Challenges in Measuring Violent Conflict, Syria Edition

As part of a larger (but, unfortunately, gated) story on how the terrific new Global Data on Events, Language, and Tone (GDELT) might help social scientists forecast violent conflicts, the New Scientist recently posted some graphics using GDELT to chart the ongoing civil war in Syria. Among those graphics was this time-series plot of violent events per day in Syria since the start of 2011:

Syrian Conflict   New Scientist

Based on that chart, the author of the story (not the producers of GDELT, mind you) wrote:

As Western leaders ponder intervention, the resulting view suggests that the violence has subsided in recent months, from a peak in the third quarter of 2012.

That inference is almost certainly wrong, and why it’s wrong underscores one of the fundamental challenges in using event data—whether it’s collected and coded by software or humans or some combination thereof—to observe the dynamics of violent conflict.
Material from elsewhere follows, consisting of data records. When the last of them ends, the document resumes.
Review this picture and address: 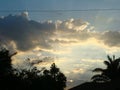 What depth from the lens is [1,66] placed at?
43.1 metres

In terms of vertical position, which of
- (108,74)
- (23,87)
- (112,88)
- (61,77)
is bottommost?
(112,88)

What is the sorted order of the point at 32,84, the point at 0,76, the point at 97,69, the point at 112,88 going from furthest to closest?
the point at 97,69
the point at 32,84
the point at 0,76
the point at 112,88

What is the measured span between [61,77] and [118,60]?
26.1 m

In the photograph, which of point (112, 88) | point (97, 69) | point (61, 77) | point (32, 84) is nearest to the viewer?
point (112, 88)

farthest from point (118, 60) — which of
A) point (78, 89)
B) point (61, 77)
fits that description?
point (61, 77)

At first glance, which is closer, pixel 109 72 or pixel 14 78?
pixel 14 78

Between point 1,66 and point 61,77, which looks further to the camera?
point 61,77

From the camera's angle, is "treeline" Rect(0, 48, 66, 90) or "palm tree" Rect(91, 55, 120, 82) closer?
"treeline" Rect(0, 48, 66, 90)

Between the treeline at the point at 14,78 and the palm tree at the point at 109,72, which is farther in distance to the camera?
the palm tree at the point at 109,72

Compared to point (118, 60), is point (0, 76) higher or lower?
lower

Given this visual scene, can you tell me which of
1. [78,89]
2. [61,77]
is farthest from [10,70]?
[61,77]

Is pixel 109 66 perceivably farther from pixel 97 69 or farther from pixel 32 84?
pixel 32 84

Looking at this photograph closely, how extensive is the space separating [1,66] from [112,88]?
44.5 ft

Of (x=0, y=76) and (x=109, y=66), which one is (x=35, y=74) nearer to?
(x=109, y=66)
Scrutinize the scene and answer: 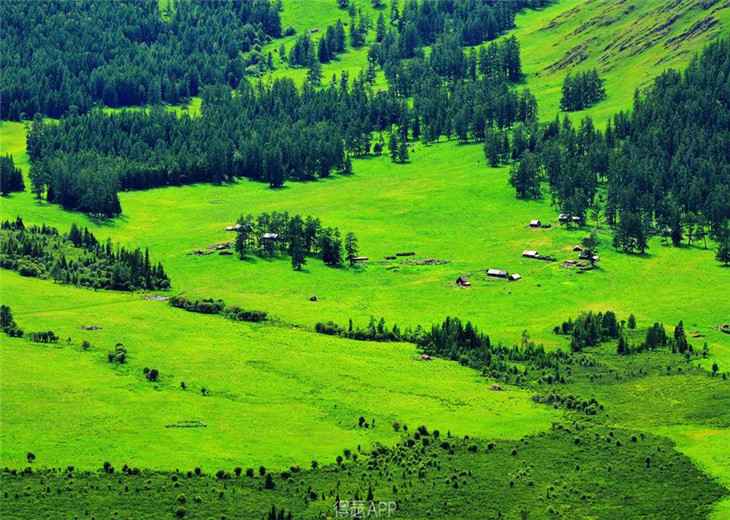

I say that inference is almost certainly wrong because concurrent data on deaths and refugees suggest that violence in Syria has only intensified in past year. One of the most reputable sources on deaths from the war is the Syria Tracker. A screenshot of their chart of monthly counts of documented killings is shown below. Like GDELT, their data also identify a sharp increase in violence in late 2012. Unlike GDELT, their data indicate that the intensity of the violence has remained very high since then, and that’s true even though the process of documenting killings inevitably lags behind the actual violence.

Syria Tracker monthly death counts

We see a similar pattern in data from the U.N. High Commissioner on Refugees (UNHCR) on people fleeing the fighting in Syria. If anything, the flow of refugees has only increased in 2013, suggesting that the violence in Syria is hardly abating.

UNHCR syria refugee plot

The reason GDELT’s count of violent events has diverged from other measures of the intensity of the violence in Syria in recent months is probably something called “media fatigue.” Data sets of political events generally depend on news sources to spot events of interest, and it turns out that news coverage of large-scale political violence follows a predictable arc. As Deborah Gerner and Phil Schrodt describe in a paper from the late 1990s, press coverage of a sustained and intense conflicts is often high when hostilities first break out but then declines steadily thereafter. That decline can happen because editors and readers get bored, burned out, or distracted. It can also happen because the conflict gets so intense that it becomes, in a sense, too dangerous to cover. In the case of Syria, I suspect all of these things are at work.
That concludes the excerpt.